_Your objective_
Here, set down only the lines between the line that contains "Kidney Stones: Causes, Symptoms & Cure - Ep2" and the final line of the material, both included, exactly as written. Skip the pictures.

======== Working data ========

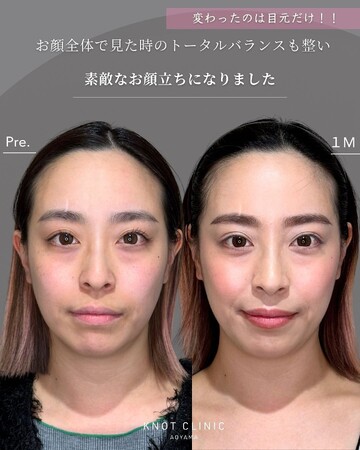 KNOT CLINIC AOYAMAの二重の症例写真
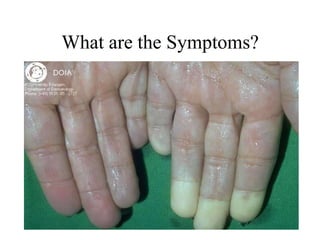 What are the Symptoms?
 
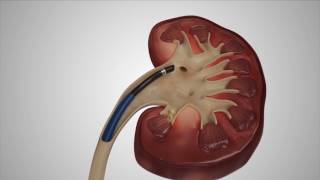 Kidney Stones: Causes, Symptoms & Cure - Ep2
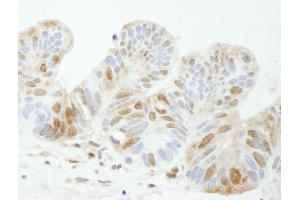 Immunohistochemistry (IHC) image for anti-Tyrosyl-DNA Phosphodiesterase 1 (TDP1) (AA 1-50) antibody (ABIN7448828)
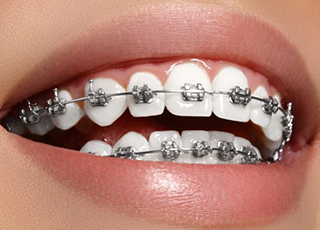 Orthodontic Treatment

========

_Your solution_
 Kidney Stones: Causes, Symptoms & Cure - Ep2
 Immunohistochemistry (IHC) image for anti-Tyrosyl-DNA Phosphodiesterase 1 (TDP1) (AA 1-50) antibody (ABIN7448828)
 Orthodontic Treatment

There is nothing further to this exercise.